Transform Mine Waste into Profitable Infrastructure with TOMRA

Introduction

Sensor-based sorting for waste rock—particularly X-ray transmission (XRT) sorting—can support acid rock drainage mitigation, non-acid forming waste rock classification, and the production of recycled (mine-derived) construction aggregates while easing tailings capacity constraints.

Global supply chains for critical minerals are under pressure, while mines face rising operating costs (OPEX), tighter environmental requirements, and increasing scrutiny of mine closure planning.
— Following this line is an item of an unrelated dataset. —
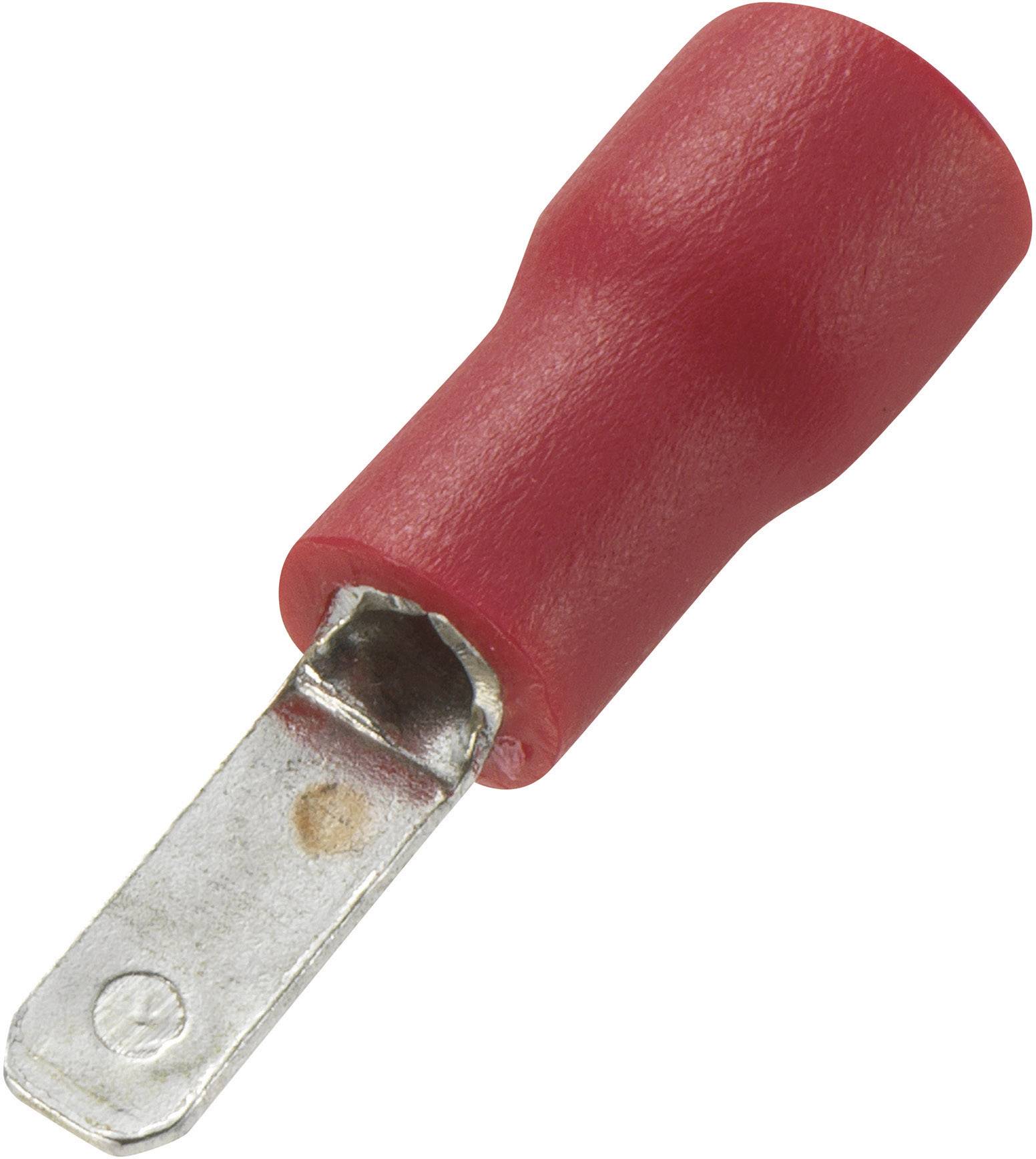 Ein roter isolierter Flachstecker mit Metallteil.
One practical response is to sort waste rock earlier in the process so that potentially acid-forming (PAF) material and metal-bearing particles are separated from non-acid forming (NAF) rock that may be suitable for engineered placement or reuse as aggregate.

XRT-based sensor sorting systems are offered by multiple technology providers (with TOMRA installations often cited publicly), and the core principle is technology-centric: detect internal density/composition contrasts particle-by-particle, then divert fractions to different destinations with lower environmental risk and higher overall value recovery.

TL;DR: XRT sensor-based sorting can reclassify waste rock into PAF vs NAF streams and produce aggregate-sized material, improving environmental outcomes and economics when the orebody and logistics support it.

Unlocking the Value Hidden in Waste Rock

Mines generate large volumes of waste rock that are typically hauled, stockpiled, or dumped and then monitored for decades—often at significant cost and long-term liability, especially where sulphide minerals can oxidize and generate acidity.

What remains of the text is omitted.